Night falls quickly in Hollywood. The Child removes her mother’s shoes and leaves them to cool. Later, they will be stuffed with tissue and stored away in their chamois bags. Slippers are placed on Madou’s feet; she is wearing natty cream silk lounging pajamas, with a black velvet trim.

She looks at me, her reflection in threes. The Holy Trinity. A nimbus of light frames her face. She rubs on cold cream, flannels it off, stares again with deep concentration. Her fair hair is damp and swept back from her face. Her skin is pale, slightly pink, translucent like the finest porcelain. She resembles a beautiful boy. Beautiful boy triplets. How divine. I hum softly:

Mad about the boy

I know it’s stupid to be mad about the boy

On the silver screen

He melts my foolish heart in every single scene …

Madou picks up the telephone. As usual, she’s booked a call to the husband she never sees, back in Europe: ‘Papi, sweetheart, Chevalier told me Lombard smells of cheap talcum powder, so I said, “What place did you smell it?” So, of course he was stuck and couldn’t answer. Can you imagine his face? Mo was magnificent today. Do you know what he said to me? “No one lights you like I do, because no one loves you like I do.” He knows now that he should never have abandoned me. That last picture was an abortion. We belong together. With this picture, we will make history. She has never looked more beautiful, but it’s all down to Mo.’

The Child pours a glass of champagne from the ice bucket, and places it on the poudreuse. She is reading something; fairy tales by the Brothers Grimm, no doubt she’ll skip over Schneewittchen. She’s munching on potato chips, stuffing them into her cakehole, in greedy, fat handfuls.

Madou squints at her reflection, and then relaxes into a state of dreamy contemplation as she continues her telephone conversation: ‘Peter has as much sex appeal as a dish of leftover potato salad. Of course, that pleases Mo. He’s so jealous, unlike you, Papi, who have every right to be jealous, but is never. I have to go now. Kisses to you.’

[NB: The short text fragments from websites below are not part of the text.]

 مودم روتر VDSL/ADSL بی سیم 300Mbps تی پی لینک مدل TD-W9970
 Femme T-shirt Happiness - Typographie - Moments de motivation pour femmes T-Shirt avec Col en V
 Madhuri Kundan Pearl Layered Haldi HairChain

Tonight, Madou is gay and jocular, but I, for one, have not forgotten her agony when her director ran away. Memory is viciously insistent on such occasions. Again and again, late at night, tired and alone, she’s gazed into me, eyes half-closed in recollection, and told me, told herself, the story. How Mo had discovered her in the filthy backstreets of Berlin, brought her to Hollywood, made her a star, and then left her to the mercy of this nest of vipers.

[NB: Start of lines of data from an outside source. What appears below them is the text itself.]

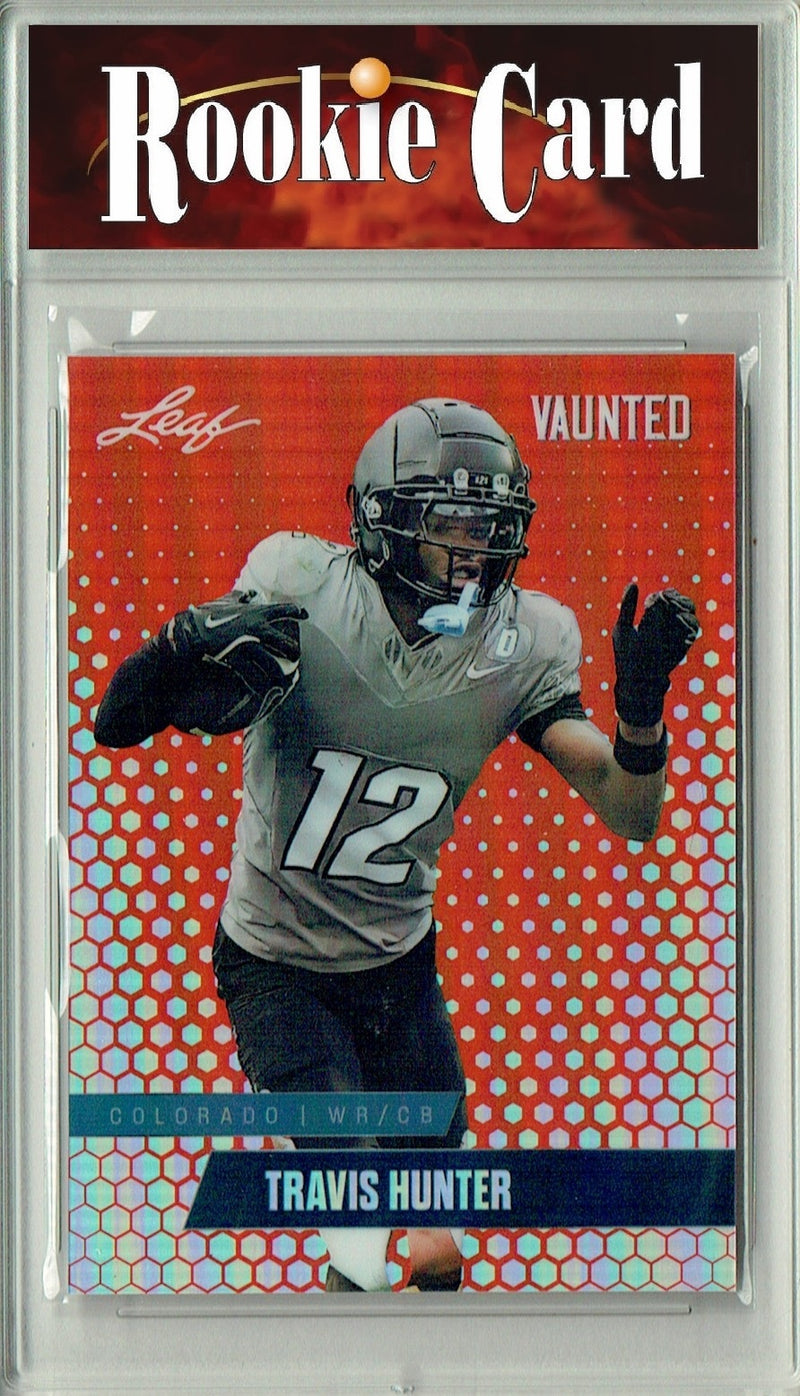 Travis Hunter Rookie Card Jacksonville Football Trading Card 2024 Leaf Vaunted Metal #VM-18 Red Only 2 Made  Certified Mint+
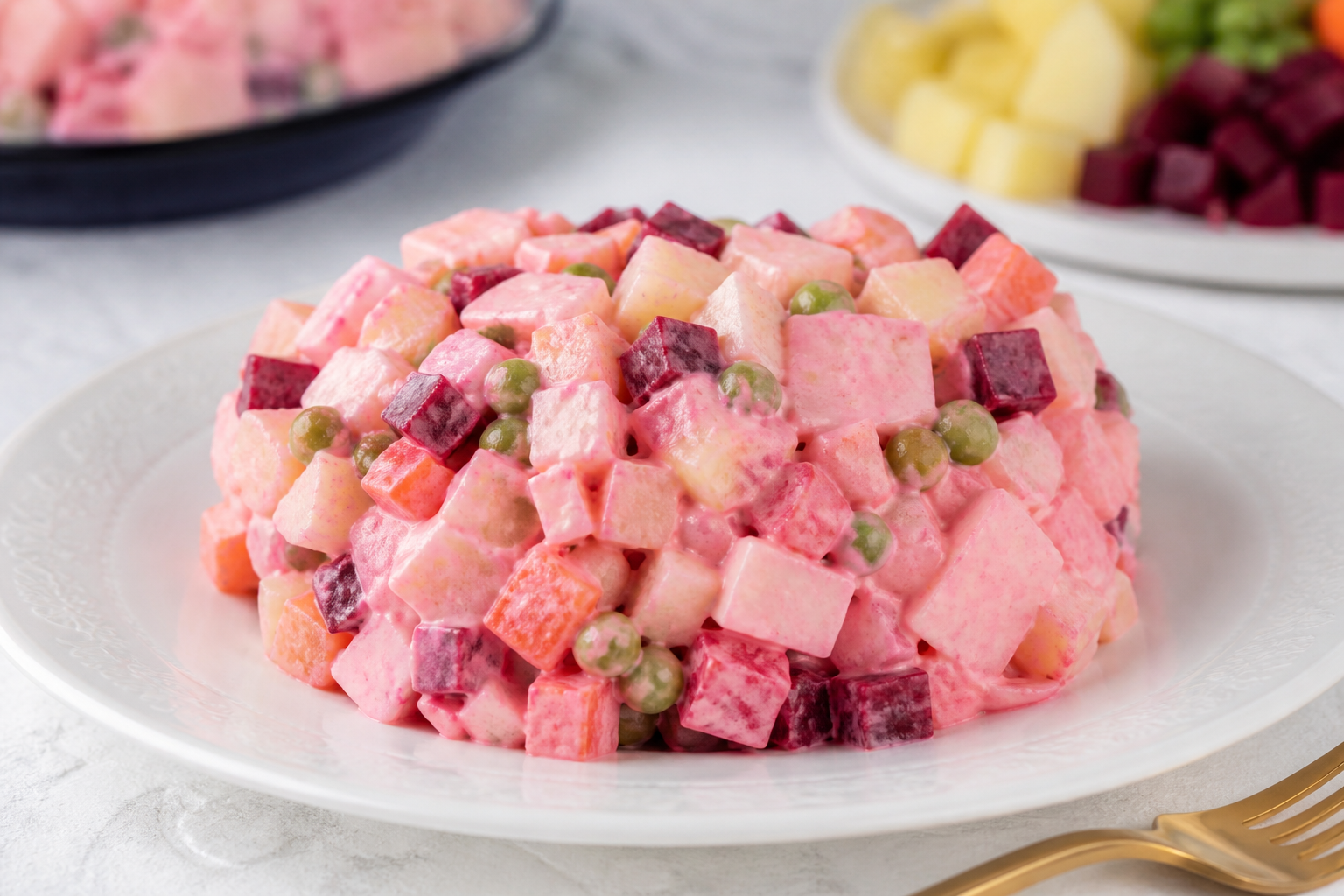 Ensalada Rusa Navideña Dominicana de Remolacha, Piña y Manzana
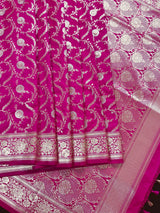 Hot Pink Color Semi Pure Mashru Silk Handloom Saree with Gold and Sliver Zari Weave | Banarasi Mashru Silk Sarees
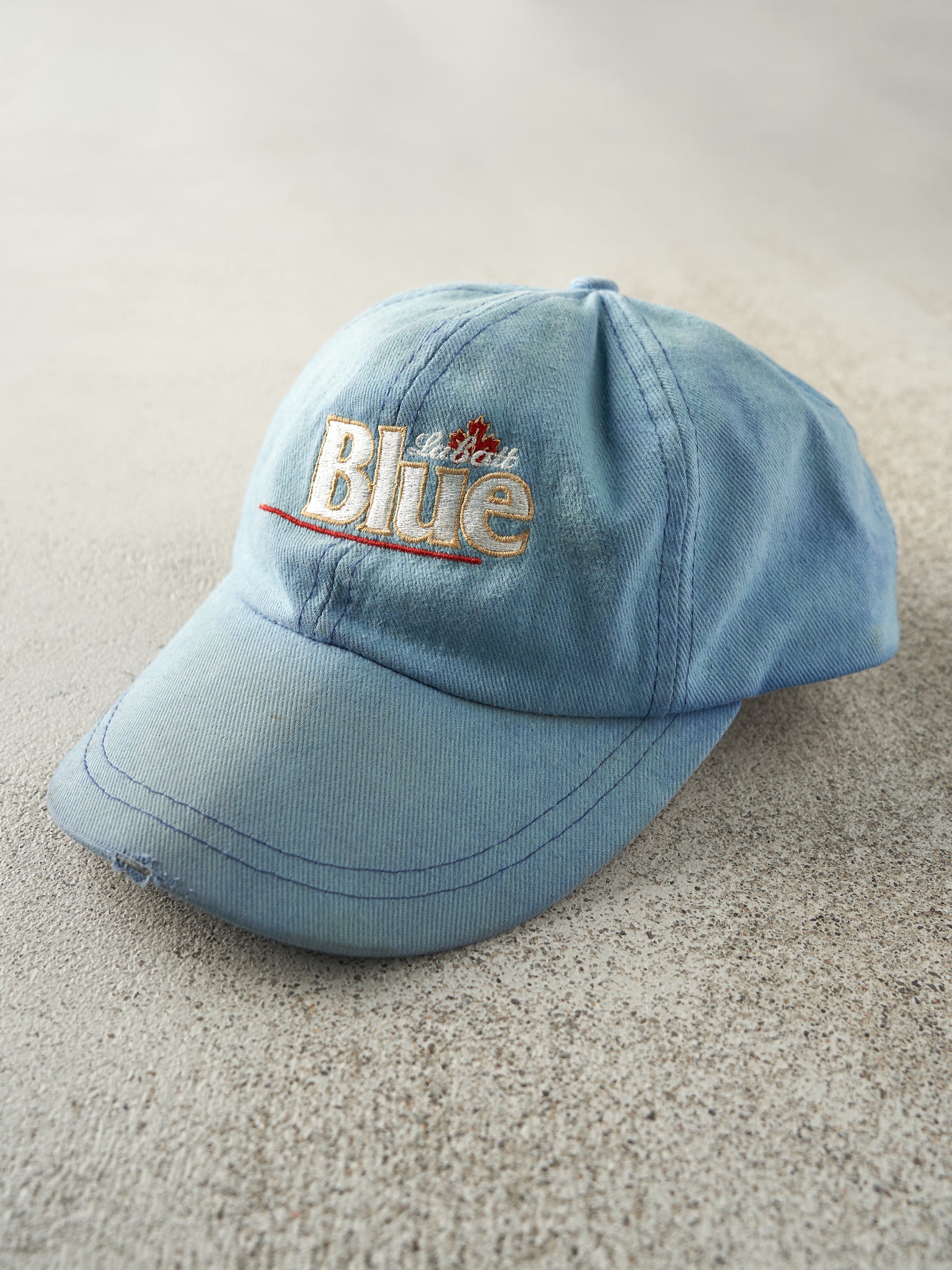 Vintage 90s Blue Labatt Blue Embroidered Leather Strap Back Hat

She was just nineteen and the mother of a baby girl when she boarded the boat train at the Lehrter Bahnhof for New York followed by the long train ride to Pasadena. The little man was dismayed when he first saw her in her grey two-piece suit, looking like a lesbian; he instructed her to lose weight, and to buy better clothes.

Just like that – ‘lose the weight’ and, good soldier that she is, she did. She stopped eating. She took up smoking, sipped beef tea and hot water with Epsom Salts and drank endless cups of coffee. She loathed American coffee, but she drank the ‘gnat’s piss’ all the same.

She adores Mo, refusing to believe the stories that he began his working life as an errand boy in a lace-making warehouse in New York. In her eyes, he was a genius of aristocratic Prussian stock. Her saviour.

In Hollywood, he set about the business of lighting. He despised most actors. ‘Directing actors is practising puppetry,’ he told her. ‘It’s about light and shadow.’

That first day on the hot set, she complained about her Slavic nose. He smiled, took out a phial and painted a silver line on the centre of the nose – then climbed onto the set to adjust a tiny spot to shine directly on the line from above her head, reducing the nose by a third.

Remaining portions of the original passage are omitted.